Given the provisions of section 10(c) to the effect that tax amnesty relief does not apply in respect of taxes payable in terms of an assessment issued by the Commissioner before the submission of the application, and given the respondent's compelling argument that the 2007 and 2008 assessments did not determine a new tax liability but only reduced the previously (2006) assessed and due liability, I am of the view that there is merit in the stance adopted by the respondent: on the applicant's own admission, his amnesty application only involved taxes not previously assessed. From this it follows that the taxes "previously assessed", as in the 2006 assessments, are not covered by the amnesty relief subsequently granted because of the provisions of section 10(c).

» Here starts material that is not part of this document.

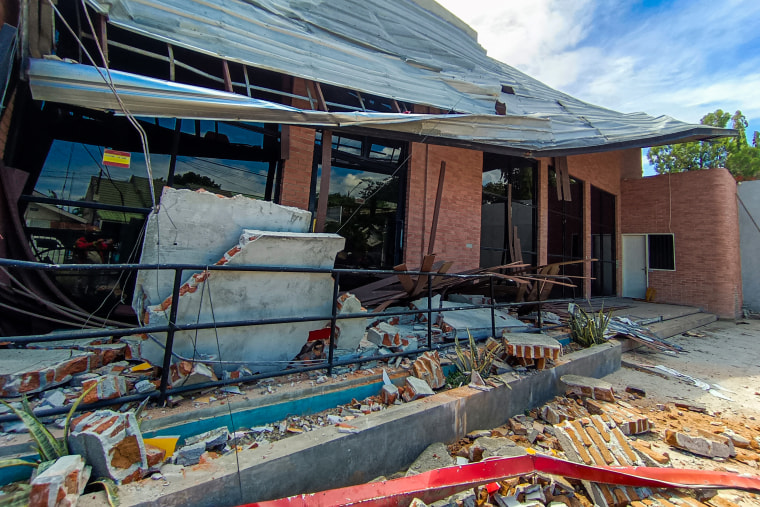 6.7-Magnitude Earthquake Strikes Sulawesi Island in Indonesia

[75] In his comprehensive opposing affidavit, the respondent repeatedly denies that any taxes, penalties or interest were raised in the 2008 assessments that were not previously raised in the 2006 or 2007 assessments [the latter assessments also before the amnesty application was submitted as intended by section 10(c)]. The basis for the assessment did not change. It remained an estimate by SARS of the applicant's undeclared taxable income. Only the amount was reduced.


It was pointed out by counsel for the respondent that in appropriate cases the respondent is entitled to rely on estimated assessments. Section 78(1) of the Income Tax Act reads as follows:

"(1) In every case in which any person makes default in furnishing any return or information or the Commissioner is not satisfied with the return or information furnished by any person, the Commissioner may estimate either in whole or in part the taxable income in relation to which the return or information is required."


[76] In this case, part of the applicant's estimated taxable income (grossly under declared by the applicant as 1 pointed out) as assessed by the respondent after the

search and seizure operation, comprised "private and domestic expenses". These expenses were estimated by the respondent in respect of each of the eight relevant years on the strength of all the information available after the search and seizure exercise. For purposes of the 2007 assessment, also taking into account the objection lodged by the applicant against the 2006 assessments, the respondent^ for example, calculated the total amount of expenses/taxable income in respect of "private and domestic expenses" in the amount of R2 634 865.00. Similar exercises were done with other alleged expenses/taxable income namely R3 905 245,00 in respect of "bank statement debit" and R720 528.00 in respect of "cash books". These exercises were all performed on the strength of powers vested in the respondent by the Income Tax Act. The three sources of expenses/taxable income were added together and the total amount of R7 260 639.00 was divided by eight (the number of relevant years) resulting in an estimated taxable income of R907 579,00 per annum. For practical considerations and, presumably, to reduce or eliminate the margin of error, this amount was reduced by some 12% resulting in a figure of an estimated R800 000.00 per annum taxable income. Of course, all this happened before the amnesty application was lodged in May 2007 so that the amnesty relief would not apply to this assessment.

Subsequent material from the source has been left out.